In the aftermath of Ireland’s financial collapse, dangerous tensions surface in an Irish town. As violence flares, the characters face a battle between public persona and inner desires. Through a chorus of unique voices, each struggling to tell their own kind of truth, a single authentic tale unfolds.
The Spinning Heart speaks for contemporary Ireland like no other novel. Wry, vulnerable, all too human, it captures the language and spirit of rural Ireland, and with uncanny perception articulates the words and thoughts of a generation. Technically daring and evocative of Patrick McCabe and JM Synge, this novel of small-town life is witty, dark and sweetly poignant.

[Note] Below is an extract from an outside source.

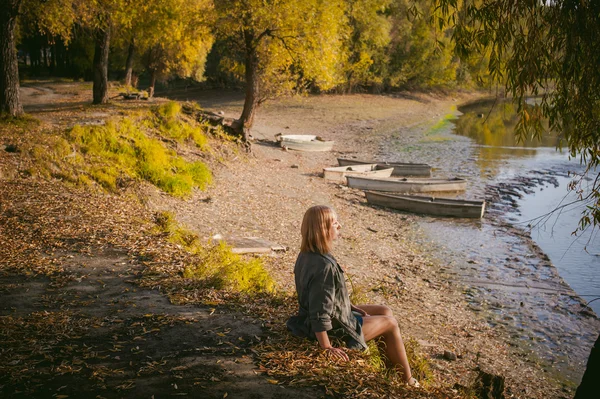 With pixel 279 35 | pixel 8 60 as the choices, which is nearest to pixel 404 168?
pixel 279 35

Donal Ryan’s brilliantly realised debut announces a stunning new voice in literary fiction.
MY FATHER still lives back the road past the weir in the cottage I was reared in. I go there every day to see is he dead and every day he lets me down. He hasn’t yet missed a day of letting me down. He smiles at me; that terrible smile. He knows I’m coming to check is he dead. He knows I know he knows. He laughs his crooked laugh. I ask is he okay for everything and he only laughs. We look at each other for a while and when I can no longer stand the stench off of him, I go away. Good luck, I say, I’ll see you tomorrow. You will, he says back. I know I will.
There’s a red metal heart in the centre of the low front gate, skewered on a rotating hinge. It’s flaking now; the red is nearly gone. It needs to be scraped and sanded and painted and oiled. It still spins in the wind, though. I can hear it creak, creak, creak as I walk away. A flaking, creaking, spinning heart.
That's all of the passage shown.